Personal Assumptions:
Not a Test of Faith
I think I forgot to mention that our position on whether Jesus is serious in these passages is not a test of faith. This isn’t a test of faith. The conclusions we come to on this topic don’t relate to our salvation, I don’t think. This doesn’t mean that we won’t be answerable for the things we’ve done in the flesh, while we’ve been alive, we will: but we aren’t going to be condemned for them: We’re going to be saved because of what Jesus has done, and deeply we have tried to imitate his life in our own lives.
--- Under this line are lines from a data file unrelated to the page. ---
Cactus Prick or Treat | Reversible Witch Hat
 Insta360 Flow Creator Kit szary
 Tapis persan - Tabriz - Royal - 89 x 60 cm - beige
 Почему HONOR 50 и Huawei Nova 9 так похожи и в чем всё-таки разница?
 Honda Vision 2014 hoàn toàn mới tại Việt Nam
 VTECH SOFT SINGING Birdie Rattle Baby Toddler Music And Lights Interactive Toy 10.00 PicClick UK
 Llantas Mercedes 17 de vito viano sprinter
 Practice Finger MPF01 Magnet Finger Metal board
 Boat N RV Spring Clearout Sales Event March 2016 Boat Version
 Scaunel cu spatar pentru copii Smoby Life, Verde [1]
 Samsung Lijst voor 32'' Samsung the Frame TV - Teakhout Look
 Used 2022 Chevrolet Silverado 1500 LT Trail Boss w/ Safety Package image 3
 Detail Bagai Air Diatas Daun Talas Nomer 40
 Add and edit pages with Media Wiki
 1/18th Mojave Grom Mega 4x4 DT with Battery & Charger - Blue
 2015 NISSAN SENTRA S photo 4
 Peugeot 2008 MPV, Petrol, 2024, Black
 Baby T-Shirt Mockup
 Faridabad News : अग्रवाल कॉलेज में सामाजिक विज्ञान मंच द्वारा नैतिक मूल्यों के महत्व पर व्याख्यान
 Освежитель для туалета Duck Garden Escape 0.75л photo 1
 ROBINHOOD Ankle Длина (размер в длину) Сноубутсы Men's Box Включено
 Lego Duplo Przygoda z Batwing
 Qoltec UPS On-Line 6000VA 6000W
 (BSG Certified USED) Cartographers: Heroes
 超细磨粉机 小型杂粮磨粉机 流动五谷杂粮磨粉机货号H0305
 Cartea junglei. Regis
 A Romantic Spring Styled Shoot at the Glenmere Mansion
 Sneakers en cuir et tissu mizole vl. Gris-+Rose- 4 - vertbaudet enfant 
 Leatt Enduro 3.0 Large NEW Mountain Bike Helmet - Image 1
This is putting the emphasis in a different place–not on judgment, but on salvation–where the emphasis, I think, should be put if the gospel really is good news.
And this is good, because as we noted earlier in this series, all of us have been angry, called someone a fool, etc, when we know we shouldn’t have: this is playing around in death’s property, and Jesus warns us that if we play on death’s property, we’re going to be liable for all the time we’ve spent there. And who among us hasn’t called someone a fool, or the like, a couple hours after the worship service or on our way to Life Group?
Personal Assumptions:
Maturity
I guess I’m assuming that I’m speaking to mature Christians who will make the time to consider these things thoughtfully, and raise thoughtful objections and claim thoughtful conclusions, filtered through scripture and Jesus and the perspectives of one another. This is a lot to assume, considering how busy the world leaves us, and how little time we have to deal with tiny things, much less things like “bless your enemies.”
Personal Assumptions:
Marginilization
I guess I’m also assuming that when we really try to follow Jesus, we will be marginalized; we will be less popular, and more weird: maybe misunderstood, or treated differently, or kept out of the loop because of what we believe and who we act like. At this point in my perspective, I just don’t know if there’s a way around this. I think of Paul, when he says in 2 Corinthians: “For we are the aroma of Christ to God among those who are being saved and among those who are perishing: to the one a fragrance from death to death, to the other a fragrance from life to life. Who is sufficient for these things? For we are not peddlers of God’s word like so many; but in Christ we speak as persons of sincerity, as persons sent from God and standing in his presence.” Some people will smell death around us; but it’s not ours, it’s there’s. You get close to Jesus, and rotten things get exposed now and then.